La scena italiana degli anni ’80 era interessante e molto attiva: c’erano Gaznevada e Neon, ad esempio. Hai qualche ricordo di quel momento storico-musicale?
E.: “Noi abbiamo conosciuto parecchi di questi gruppi. Con alcuni membri dei Gaznevada siamo molto amici, ci suonammo assieme in una rassegna a Palermo, Musica Contro il Silenzio (3 settembre 1986) ed fu un modo per conoscere band nate un attimo prima di noi ma ci sembravano davvero i precursori di tutto un movimento musicale, spaccando tutto. La scena di Bologna era stupenda, riascolto ancora i Confusional Quartet e rimango sempre estasiato.
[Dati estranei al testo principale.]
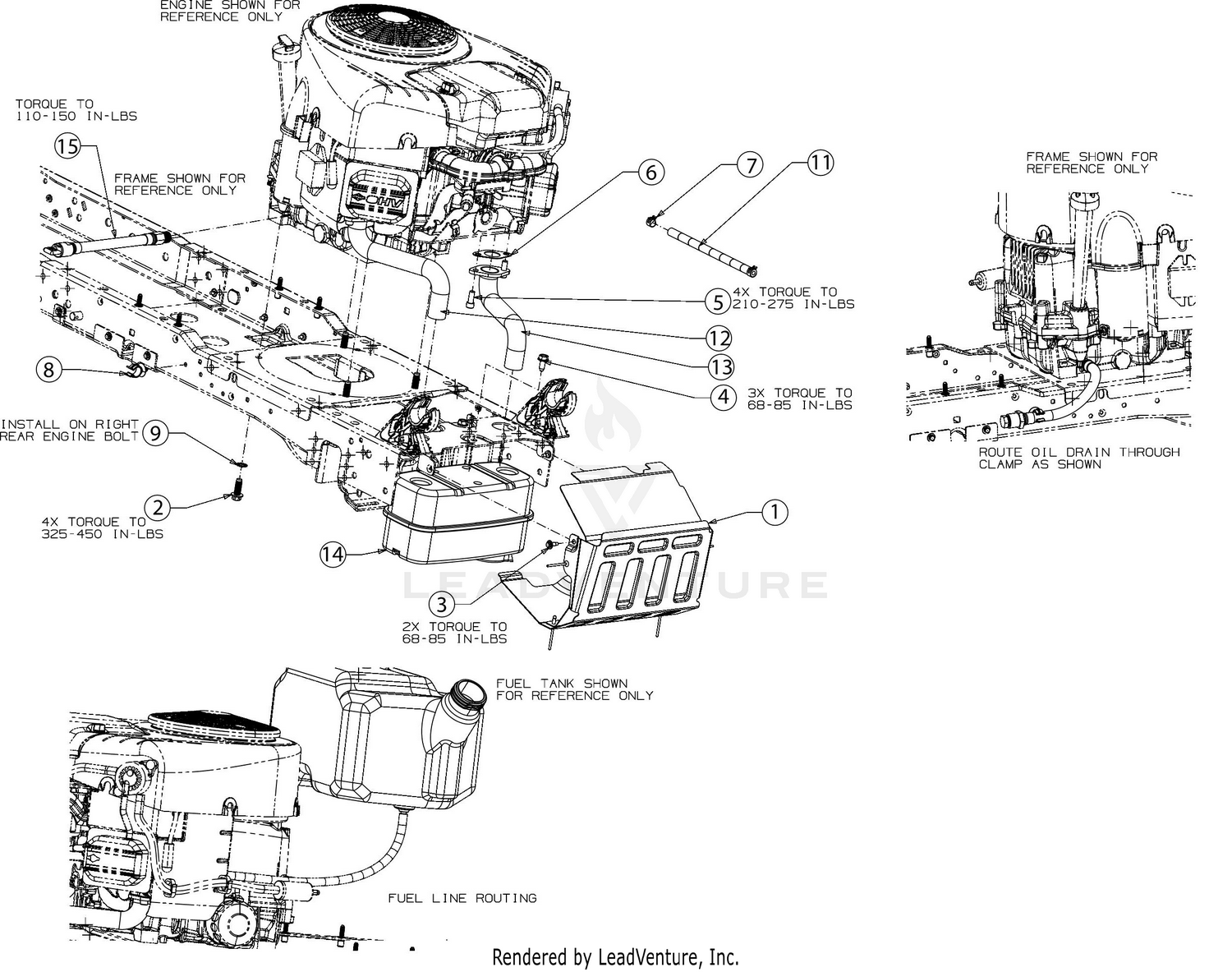 Engine Accessories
Noi abbiamo vissuto più quella fiorentina perché siamo arrivati dopo, che è stata un po’ la continuazione ma più orientata sulla dark wave e l’elettronica, come i nostri compagni di etichetta Pankow. Poi si è evoluta verso la wave italiana. I primi Diaframma e i primi Litfiba sono nati a Firenze, che è stata un po’ la culla; e il titolo “Benvenuto Cellini” è un omaggio ad una città che per noi ha significato tanto. La seconda parte degli anni ’80 è poi esplosa come delle schegge impazzite e il panorama si è un po’ sgretolato anche a causa di una certa saturazione che ha poi ha portato al collasso”.

E le etichette, all’epoca, come si comportarono?
E.: “Nei nostri confronti le etichette di allora si comportarono un po’ da provinciali. La Contempo distribuiva in Italia la 4AD (Pixies, Cocteau Twins, Breeders, Clan Of Xymox) e nonostante avessero obiettivi ambiziosi, la scena musicale fiorentina, quella delle etichette/produzioni, si faceva la guerra tra di loro: una era la Contempo,appunto, e l’altra, l’IRA records. Si sono annientate e distrutte a vicenda. Non hanno certo aiutato i gruppi come noi a poterci esprimere nel modo migliore. Dopo Mediterranea, avevamo l’intenzione di fare veramente il salto di qualità, ci siamo trovati in mezzo ad una situazione in cui altre etichette ci volevano e noi non siamo riusciti a rescindere in nessun modo nessun contratto con la Contempo che ci ha tenuto fermi e ci ha fatto morire. Tra 1986 e il 1987 avevamo prodotto 12 pezzi per un nuovo disco, che non uscì mai. Ci contattò anche Franco Mamone, che era uno dei più grossi promoter italiani – portò in Italia Depeche Mode, Springsteen, Bob Marley – e ci portò a registrare a Milano a sue spese dei provini per il disco nuovo. Peccato che, come già detto, il contratto con la Contempo non si riuscì a rescindere ed per quello che poi il gruppo si è sciolto, perché c’era tanta rabbia, frustrazione e stress. Perché nessuno voleva arricchirsi, volevamo essere liberi di suonare e portare in giro la nostra musica. L’importante è riprovarci adesso”.